SO(n) = orthogonal matrix with determinant 1. SO==special orthogonal
Dim(SO(n))=n(n-1)/2

For X a defining rep of SO(3):

(Xab)ij=delta(i,a)delta(j,b)-delta(j,a)delta(i,b)

=>Commutation relations:
[Xab,Xgd]=delta(b,g)Xad-delta(a,d)Xbg-delta(a,g)Xbg+delta(b,d)Xad

Xab=eabgLg for eabg=antisymmetric tensor.

SO(4) is special. It is the only SO(n) which decomposes. SO(4) ~= SO(3) x SO(3)

Decomposition:
Xij=-Xji=SO(3) sub algebra
Define Lk as: Xij=i/2*fijkLk
Xi4=-X4i
Define Ki as:-iXij=Ki
Define J(1)=1/2(L+K) (SU(2) group)
Define J(2)=1/2(L-K) (Another SU(2) group) Note that [J(1)i,J(2)i]=0
=> D(j1,j2) labeling ok.
For arbitrary D(j1,j2) j1+j2=integer => rep exists.

Example Of SO(4) symmetry in nature:
SO(4) is equivalent to the symmetries of a planet orbiting a star or electron around a hydrogen atom (classically) Define: M=1/2m(PxL - LxP)-kX/r where

• X= vector of current direction
• P=current momentum
• L=current angular momentum
• m = reduced mass of system Note that L*M=0 and [M,H]=0

S0(2) = rotational symmetry of a circle.
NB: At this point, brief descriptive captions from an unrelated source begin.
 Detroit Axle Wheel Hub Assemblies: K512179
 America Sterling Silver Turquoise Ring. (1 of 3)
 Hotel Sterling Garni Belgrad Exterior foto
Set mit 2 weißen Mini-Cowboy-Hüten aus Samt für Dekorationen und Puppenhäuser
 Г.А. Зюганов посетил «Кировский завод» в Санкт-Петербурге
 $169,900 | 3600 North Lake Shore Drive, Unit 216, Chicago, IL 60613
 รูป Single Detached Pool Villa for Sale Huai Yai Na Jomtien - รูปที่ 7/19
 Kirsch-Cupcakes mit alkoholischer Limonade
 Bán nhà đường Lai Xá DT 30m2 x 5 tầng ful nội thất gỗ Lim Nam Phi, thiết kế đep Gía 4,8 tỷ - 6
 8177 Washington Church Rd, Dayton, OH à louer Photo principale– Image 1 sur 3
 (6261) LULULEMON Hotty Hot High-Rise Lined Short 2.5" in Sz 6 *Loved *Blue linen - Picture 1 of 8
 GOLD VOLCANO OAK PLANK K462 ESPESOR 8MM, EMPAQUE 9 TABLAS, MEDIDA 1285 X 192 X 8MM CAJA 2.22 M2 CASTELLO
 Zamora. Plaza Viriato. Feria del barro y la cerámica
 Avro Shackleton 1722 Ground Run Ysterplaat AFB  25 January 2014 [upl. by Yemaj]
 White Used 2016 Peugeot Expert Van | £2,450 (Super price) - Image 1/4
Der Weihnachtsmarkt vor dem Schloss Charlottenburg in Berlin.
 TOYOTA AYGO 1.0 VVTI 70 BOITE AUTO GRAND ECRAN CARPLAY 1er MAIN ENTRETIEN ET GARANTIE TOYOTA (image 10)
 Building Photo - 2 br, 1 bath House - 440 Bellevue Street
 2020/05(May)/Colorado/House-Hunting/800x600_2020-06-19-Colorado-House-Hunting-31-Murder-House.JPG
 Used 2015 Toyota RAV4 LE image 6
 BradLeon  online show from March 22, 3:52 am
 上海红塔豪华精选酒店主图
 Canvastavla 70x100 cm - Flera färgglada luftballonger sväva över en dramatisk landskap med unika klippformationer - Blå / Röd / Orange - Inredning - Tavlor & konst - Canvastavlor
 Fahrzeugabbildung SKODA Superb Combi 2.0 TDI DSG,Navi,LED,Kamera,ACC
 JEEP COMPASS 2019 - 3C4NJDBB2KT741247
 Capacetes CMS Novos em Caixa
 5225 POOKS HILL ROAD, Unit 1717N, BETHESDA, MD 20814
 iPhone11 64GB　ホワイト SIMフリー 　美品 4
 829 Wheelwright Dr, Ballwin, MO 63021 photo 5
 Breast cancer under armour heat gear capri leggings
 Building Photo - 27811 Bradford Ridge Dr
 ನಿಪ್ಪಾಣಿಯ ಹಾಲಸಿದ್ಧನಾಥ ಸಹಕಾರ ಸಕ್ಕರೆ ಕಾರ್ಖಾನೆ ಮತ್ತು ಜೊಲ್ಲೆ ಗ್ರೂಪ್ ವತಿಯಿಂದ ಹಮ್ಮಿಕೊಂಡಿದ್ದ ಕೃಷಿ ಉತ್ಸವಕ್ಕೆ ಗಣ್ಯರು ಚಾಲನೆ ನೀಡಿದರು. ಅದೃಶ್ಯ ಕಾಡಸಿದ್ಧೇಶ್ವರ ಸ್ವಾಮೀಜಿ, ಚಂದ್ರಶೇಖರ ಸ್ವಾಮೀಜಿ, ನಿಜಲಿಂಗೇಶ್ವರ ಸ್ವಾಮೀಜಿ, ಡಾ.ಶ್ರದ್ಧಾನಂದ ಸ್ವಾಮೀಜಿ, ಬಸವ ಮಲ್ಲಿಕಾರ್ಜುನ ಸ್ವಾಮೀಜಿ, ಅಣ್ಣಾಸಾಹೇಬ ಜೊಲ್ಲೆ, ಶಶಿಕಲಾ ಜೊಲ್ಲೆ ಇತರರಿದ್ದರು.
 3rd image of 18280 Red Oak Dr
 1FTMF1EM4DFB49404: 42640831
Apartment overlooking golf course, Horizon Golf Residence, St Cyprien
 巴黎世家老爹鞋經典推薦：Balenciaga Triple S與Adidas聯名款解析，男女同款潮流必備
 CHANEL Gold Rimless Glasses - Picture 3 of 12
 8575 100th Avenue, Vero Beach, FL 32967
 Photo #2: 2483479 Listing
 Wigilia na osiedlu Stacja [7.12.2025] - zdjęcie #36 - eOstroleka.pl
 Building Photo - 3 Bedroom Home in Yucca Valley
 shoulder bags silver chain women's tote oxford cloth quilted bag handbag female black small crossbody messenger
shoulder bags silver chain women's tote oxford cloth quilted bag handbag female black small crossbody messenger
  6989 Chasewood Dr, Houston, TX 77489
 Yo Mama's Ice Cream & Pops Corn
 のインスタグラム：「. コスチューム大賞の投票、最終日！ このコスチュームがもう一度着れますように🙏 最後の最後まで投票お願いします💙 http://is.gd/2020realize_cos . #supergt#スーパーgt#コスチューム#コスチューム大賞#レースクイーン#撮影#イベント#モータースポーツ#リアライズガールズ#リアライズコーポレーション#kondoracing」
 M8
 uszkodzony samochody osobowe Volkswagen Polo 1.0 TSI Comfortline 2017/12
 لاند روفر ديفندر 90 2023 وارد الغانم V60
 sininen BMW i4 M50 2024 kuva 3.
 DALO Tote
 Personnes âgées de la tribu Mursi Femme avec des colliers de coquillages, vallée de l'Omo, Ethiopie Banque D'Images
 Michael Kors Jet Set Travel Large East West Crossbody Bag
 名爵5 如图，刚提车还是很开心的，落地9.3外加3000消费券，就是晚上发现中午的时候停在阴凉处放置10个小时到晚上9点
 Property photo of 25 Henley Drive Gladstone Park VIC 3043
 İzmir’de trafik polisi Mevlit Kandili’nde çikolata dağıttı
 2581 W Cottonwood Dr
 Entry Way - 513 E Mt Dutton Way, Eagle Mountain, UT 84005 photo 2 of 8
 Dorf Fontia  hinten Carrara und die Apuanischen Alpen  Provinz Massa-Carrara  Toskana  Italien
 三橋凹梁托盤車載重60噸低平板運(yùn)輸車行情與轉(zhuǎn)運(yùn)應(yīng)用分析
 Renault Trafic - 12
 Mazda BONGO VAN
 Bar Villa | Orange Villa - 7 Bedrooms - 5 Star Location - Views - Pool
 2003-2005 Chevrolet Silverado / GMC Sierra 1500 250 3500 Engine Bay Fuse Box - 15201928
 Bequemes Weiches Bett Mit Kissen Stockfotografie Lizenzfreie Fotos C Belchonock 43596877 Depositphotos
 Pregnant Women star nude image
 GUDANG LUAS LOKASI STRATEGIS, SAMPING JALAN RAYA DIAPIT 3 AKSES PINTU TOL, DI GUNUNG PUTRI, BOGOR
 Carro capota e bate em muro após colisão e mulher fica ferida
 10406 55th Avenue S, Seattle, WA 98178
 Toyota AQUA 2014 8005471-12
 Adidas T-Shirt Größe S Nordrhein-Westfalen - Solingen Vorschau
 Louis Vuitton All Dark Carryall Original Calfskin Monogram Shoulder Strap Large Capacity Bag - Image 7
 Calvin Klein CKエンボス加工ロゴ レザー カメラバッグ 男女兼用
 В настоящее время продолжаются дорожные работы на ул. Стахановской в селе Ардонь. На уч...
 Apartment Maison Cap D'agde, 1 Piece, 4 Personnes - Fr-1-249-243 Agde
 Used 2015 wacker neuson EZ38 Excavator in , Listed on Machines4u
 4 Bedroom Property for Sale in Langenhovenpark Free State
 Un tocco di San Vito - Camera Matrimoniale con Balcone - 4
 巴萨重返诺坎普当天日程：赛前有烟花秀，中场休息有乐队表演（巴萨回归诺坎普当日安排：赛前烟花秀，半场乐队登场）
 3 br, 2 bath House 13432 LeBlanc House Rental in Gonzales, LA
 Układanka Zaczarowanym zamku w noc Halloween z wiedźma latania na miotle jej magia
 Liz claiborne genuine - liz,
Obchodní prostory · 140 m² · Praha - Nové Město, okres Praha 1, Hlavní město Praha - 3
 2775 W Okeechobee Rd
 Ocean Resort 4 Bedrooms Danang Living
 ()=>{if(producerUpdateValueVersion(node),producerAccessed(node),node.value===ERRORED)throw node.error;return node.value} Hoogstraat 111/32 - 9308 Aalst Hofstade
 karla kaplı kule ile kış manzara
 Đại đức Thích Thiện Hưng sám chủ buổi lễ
G={g(theta)|0<=theta<2Pi}

g(th1)g(th2)=g(th1+th2) if th1+th2<2Pi, g(th1+th2-2Pi) if th1+th2=>2Pi

Defining representation:
g(th)=
|cos(th) -sin(th)|
|sin(th) cos(th)|
=D(th)

Transpose(D)D=Id.=> D real and unitary.

This is an abelian group so its irreps must be 1-d.

M^DM=D~=
|e^ith 0 |
|0 e^-ith|
with M=1/sqrt(2)*
|1 -i|
|-i 1|

Irreps of SO(2): Dm(th)=e^imth for m any integer.

D=D1+D-1

D0 is the trivial rep.
for M!=0 g(th)-> Dm(th) is |m| to 1 mapping. only D1 and D-1 are faithful.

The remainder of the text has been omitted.